Tirer le meilleur parti des mesures environnementales de l'UE: instaurer la confiance par l'amélioration des connaissances et de la réactivité

2012/2104(INI)

La commission de l'environnement, de la santé publique et de la sécurité alimentaire a adopté un rapport d’initiative d’Oreste ROSSI (EFD, IT) faisant suite à la communication de la Commission sur la façon de tirer le meilleur parti des mesures environnementales de l'Union européenne: instaurer la confiance par l'amélioration des connaissances et de la réactivité.

Le rapport note que la mise en œuvre inefficace de la législation environnementale européenne nuit non seulement à l’environnement et à la santé humaine, mais qu’elle crée également de l’incertitude pour les entreprises et qu’elle entrave le marché unique. D’après la Commission, le coût annuel de l'absence de mise en œuvre de la législation s’élève à quelque 50 milliards EUR en termes de coûts pour la santé et de coûts directs pour l’environnement ; ce coût passera à 90 milliards d'euros à partir de 2020. Des études ont conclu que la mise en œuvre intégrale de la législation de l'Union européenne sur les déchets devrait entraîner à elle seule la création de 400.000 emplois et permettre d’économiser 72 milliards d’euros par an.

Les députés observent que le caractère actuellement fragmenté de la mise en œuvre dans les États membres sape les conditions de concurrence équitables pour l’industrie, renforce l’incertitude et décourage donc les investissements dans les domaines de l’environnement capables de générer des emplois. Ils notent en particulier qu’une grande partie des frais administratifs superflus liés à la législation environnementale découle de pratiques administratives inadéquates ou inefficaces dans le public et dans le privé au sein de plusieurs États membres et de leurs autorités régionales ou locales.

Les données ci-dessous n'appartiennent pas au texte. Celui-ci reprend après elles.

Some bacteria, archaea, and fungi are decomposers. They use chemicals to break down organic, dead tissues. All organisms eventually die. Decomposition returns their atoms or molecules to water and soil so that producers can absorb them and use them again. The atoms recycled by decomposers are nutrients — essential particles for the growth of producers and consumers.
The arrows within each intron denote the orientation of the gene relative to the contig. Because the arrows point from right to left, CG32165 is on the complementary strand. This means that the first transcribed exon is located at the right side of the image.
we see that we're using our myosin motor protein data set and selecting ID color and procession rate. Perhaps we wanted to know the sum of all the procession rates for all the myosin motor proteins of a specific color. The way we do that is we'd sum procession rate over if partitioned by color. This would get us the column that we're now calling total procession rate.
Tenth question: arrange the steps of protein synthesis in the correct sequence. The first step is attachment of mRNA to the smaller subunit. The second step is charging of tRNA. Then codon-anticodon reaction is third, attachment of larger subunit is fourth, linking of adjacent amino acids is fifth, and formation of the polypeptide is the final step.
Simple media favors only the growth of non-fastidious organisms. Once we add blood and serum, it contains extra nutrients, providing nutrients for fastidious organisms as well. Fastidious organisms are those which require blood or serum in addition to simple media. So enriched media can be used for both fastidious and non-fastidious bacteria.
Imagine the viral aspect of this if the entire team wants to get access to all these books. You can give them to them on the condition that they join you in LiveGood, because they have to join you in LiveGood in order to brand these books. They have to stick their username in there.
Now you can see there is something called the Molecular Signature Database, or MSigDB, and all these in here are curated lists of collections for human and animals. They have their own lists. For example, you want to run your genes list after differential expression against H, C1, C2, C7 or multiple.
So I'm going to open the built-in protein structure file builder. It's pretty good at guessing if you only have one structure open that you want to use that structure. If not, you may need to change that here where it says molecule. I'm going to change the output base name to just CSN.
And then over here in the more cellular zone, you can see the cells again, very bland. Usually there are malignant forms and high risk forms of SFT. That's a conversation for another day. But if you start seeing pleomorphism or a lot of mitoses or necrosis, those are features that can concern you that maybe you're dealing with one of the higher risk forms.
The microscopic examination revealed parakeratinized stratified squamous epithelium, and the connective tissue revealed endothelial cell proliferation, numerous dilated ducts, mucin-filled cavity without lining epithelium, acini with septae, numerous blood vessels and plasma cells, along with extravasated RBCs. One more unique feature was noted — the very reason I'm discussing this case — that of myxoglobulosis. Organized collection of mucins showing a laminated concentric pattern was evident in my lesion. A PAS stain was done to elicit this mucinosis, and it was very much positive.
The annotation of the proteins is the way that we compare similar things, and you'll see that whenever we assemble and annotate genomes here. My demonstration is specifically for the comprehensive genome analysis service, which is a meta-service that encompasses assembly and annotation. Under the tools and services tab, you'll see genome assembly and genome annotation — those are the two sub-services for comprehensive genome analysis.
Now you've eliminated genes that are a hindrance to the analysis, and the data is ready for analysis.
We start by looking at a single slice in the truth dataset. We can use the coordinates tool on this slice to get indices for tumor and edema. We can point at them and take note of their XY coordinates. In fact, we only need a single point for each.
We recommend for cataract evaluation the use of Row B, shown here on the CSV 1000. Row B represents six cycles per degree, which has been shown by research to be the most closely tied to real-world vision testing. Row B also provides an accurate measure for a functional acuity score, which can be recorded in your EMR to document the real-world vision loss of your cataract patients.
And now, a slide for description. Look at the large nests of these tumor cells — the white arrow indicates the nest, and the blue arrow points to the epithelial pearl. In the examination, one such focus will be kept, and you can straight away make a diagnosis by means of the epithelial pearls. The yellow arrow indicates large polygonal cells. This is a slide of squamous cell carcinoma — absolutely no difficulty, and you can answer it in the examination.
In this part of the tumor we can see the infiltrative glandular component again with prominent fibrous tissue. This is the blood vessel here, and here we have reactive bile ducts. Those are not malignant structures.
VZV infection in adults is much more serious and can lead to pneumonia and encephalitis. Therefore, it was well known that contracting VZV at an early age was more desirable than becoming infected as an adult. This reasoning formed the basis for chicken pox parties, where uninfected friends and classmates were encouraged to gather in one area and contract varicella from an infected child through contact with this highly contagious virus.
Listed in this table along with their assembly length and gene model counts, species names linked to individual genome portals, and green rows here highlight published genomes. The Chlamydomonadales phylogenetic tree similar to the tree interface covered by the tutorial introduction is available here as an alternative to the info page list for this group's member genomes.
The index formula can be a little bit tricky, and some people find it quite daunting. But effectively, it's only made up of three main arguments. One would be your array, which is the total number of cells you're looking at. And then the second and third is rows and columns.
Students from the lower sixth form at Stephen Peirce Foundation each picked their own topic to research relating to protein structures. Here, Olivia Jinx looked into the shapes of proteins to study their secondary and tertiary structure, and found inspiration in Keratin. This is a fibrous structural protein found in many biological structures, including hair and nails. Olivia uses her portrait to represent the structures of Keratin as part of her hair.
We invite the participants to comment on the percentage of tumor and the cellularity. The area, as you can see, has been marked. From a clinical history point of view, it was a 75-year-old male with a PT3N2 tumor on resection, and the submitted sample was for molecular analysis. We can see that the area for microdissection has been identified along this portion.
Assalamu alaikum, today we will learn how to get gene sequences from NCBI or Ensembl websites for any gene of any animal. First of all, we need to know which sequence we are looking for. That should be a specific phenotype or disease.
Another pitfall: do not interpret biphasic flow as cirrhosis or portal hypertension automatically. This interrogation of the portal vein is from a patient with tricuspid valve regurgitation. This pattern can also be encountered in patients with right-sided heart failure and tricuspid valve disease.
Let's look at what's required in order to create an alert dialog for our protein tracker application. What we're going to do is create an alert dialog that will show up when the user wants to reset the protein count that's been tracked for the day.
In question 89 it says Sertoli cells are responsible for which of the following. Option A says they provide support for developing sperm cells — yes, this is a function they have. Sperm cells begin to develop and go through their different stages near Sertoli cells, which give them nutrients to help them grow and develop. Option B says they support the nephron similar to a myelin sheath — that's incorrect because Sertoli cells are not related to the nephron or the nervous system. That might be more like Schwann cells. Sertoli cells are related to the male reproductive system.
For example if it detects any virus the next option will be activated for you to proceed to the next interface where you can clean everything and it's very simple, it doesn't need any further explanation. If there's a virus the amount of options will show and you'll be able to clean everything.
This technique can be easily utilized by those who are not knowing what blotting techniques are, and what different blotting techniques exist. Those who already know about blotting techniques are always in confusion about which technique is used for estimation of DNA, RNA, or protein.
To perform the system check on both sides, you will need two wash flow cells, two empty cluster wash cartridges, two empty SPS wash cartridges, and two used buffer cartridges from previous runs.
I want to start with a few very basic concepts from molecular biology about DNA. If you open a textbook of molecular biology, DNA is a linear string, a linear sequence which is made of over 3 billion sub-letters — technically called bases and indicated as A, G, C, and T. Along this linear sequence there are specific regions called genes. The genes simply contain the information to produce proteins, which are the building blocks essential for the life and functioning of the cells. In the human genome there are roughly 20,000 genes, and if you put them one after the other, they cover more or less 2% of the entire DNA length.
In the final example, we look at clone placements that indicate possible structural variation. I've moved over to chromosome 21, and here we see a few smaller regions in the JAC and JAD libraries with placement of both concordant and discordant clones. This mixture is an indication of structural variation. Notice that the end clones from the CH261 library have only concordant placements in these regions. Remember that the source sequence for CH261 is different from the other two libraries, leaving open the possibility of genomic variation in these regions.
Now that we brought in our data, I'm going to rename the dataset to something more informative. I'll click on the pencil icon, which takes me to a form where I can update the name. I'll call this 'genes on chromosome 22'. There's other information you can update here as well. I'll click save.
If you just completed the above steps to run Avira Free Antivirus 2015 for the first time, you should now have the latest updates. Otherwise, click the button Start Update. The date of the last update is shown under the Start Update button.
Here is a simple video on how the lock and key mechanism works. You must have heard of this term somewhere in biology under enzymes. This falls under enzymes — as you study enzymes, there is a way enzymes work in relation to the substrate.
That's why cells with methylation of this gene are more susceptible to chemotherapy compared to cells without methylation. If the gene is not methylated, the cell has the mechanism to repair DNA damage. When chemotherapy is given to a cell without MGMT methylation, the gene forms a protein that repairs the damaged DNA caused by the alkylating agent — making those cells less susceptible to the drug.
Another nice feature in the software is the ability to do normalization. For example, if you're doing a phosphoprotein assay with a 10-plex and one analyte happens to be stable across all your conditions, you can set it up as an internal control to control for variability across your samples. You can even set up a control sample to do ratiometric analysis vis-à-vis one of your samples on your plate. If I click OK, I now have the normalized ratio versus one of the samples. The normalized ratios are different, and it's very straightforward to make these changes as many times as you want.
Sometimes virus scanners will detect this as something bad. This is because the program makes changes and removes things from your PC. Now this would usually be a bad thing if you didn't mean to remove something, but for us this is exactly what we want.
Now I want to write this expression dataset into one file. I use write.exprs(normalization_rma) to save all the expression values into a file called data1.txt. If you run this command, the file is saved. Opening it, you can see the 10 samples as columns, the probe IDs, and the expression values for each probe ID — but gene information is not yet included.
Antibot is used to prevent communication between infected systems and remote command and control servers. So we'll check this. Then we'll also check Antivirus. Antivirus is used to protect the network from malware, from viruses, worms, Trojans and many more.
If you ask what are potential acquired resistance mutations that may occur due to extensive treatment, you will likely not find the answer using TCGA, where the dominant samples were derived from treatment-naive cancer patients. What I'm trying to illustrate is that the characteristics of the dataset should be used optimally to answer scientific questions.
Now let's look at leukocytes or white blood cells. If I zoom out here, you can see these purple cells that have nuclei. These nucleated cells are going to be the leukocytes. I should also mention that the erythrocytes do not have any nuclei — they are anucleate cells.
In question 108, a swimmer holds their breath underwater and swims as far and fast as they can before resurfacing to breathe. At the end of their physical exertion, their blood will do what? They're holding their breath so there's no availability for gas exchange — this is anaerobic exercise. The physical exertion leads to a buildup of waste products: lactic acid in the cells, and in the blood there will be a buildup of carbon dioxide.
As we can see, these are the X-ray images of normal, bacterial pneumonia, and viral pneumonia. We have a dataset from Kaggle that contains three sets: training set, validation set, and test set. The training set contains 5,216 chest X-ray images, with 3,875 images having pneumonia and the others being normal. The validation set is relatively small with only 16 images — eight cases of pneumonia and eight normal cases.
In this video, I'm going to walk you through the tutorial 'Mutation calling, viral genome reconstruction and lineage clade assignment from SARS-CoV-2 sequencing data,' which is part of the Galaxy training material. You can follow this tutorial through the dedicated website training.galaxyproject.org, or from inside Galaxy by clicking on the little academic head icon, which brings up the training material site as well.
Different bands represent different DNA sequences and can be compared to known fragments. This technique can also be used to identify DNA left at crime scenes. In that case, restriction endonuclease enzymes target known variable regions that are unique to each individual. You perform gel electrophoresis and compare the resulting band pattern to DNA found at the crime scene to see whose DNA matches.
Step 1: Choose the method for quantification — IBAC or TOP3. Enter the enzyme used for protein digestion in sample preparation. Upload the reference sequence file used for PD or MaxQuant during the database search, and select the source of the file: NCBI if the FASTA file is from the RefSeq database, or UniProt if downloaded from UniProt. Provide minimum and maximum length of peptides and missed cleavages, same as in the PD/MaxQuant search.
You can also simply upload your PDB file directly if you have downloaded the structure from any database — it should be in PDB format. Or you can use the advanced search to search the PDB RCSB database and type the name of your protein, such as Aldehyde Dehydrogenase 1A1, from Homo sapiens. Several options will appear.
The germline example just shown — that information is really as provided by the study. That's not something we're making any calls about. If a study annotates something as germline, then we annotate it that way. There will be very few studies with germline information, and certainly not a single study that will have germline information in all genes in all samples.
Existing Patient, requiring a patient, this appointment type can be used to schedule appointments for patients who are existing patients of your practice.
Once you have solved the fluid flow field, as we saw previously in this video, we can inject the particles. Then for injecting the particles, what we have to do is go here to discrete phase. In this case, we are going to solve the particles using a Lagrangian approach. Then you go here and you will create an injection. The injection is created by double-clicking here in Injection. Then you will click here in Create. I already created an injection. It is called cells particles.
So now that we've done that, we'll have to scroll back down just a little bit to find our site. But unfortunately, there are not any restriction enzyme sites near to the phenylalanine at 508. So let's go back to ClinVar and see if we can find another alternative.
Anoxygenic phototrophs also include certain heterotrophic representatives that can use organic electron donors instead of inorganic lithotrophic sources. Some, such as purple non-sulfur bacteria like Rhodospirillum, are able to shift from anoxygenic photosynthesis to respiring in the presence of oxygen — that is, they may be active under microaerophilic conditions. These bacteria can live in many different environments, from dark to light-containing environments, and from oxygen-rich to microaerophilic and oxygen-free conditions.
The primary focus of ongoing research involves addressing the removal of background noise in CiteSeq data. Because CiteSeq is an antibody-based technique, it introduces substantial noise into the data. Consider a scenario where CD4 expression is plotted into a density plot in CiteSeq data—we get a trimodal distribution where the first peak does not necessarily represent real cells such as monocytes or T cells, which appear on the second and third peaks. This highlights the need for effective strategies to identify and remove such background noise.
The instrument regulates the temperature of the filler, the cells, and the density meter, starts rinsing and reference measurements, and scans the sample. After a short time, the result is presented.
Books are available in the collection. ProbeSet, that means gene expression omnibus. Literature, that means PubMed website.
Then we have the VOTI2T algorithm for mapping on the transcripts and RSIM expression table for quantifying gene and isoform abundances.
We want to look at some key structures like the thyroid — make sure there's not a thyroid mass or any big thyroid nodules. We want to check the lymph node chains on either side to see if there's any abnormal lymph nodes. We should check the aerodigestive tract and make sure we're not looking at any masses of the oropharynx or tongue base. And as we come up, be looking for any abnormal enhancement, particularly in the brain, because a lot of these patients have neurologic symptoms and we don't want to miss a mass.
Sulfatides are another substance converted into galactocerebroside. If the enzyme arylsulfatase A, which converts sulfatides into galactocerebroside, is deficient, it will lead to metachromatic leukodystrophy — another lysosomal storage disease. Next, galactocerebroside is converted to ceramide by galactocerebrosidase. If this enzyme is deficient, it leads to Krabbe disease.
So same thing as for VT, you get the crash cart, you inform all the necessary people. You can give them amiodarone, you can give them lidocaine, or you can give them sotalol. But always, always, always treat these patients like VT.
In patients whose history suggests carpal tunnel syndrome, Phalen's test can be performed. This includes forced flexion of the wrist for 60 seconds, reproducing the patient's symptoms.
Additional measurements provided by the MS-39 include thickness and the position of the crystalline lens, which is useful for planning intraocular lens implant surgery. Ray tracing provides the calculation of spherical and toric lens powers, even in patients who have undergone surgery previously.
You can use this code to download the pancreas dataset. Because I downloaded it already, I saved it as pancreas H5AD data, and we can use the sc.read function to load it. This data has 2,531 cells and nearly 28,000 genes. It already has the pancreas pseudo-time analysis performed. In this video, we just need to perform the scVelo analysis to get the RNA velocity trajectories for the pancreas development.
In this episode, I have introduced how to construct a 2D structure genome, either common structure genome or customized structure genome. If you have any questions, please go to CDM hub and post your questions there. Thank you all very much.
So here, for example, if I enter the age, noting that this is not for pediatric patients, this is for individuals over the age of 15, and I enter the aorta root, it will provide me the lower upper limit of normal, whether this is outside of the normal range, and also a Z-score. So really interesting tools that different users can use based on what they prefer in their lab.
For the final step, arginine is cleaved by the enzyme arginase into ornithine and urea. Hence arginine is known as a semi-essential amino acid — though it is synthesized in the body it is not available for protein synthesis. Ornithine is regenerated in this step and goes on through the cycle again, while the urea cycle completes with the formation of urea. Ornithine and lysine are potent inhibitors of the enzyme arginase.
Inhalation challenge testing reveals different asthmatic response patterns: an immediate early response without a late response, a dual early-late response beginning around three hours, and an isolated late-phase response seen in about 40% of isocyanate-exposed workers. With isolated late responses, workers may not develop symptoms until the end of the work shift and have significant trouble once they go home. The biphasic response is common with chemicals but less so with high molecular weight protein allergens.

Tout en se félicitant de la communication de la Commission, les députés demandent aux États membres de prendre toutes les mesures nécessaires pour préserver l'environnement et soutenir le développement durable et formulent une série de recommandations en vue de garantir une mise en œuvre plus efficace de la législation, comme par exemple :

  • la nécessité de veiller à la coordination et à la complémentarité entre les différents instruments normatifs qui régissent le droit environnemental de l'Union;
  • la diffusion des meilleures pratiques parmi les États membres et parmi les entités régionales et locales qui sont responsables de la mise en œuvre ;
  • remédier au manque de données sur les actions menées en matière de conformité et d'application aux niveaux national, régional et local ;
  • la mise en place d’un site web où les mesures les plus récentes des indicateurs seront disponibles, ainsi que d’un outil d’information sur la mise en œuvre qui soit systématique et facilement accessible en ligne ;
  • la mise en œuvre d’initiatives visant à encourager une meilleure responsabilité sociale des entreprises dans le milieu environnemental ;
  • le recours à des moyens plus précoces d’échange d’informations entre les législateurs et les citoyens pour mieux accepter et comprendre l’objectif de la législation de l’Union;
  • le partage des connaissances entre les systèmes judiciaires de chaque État membre qui s'occupent des violations et du non-respect de la législation.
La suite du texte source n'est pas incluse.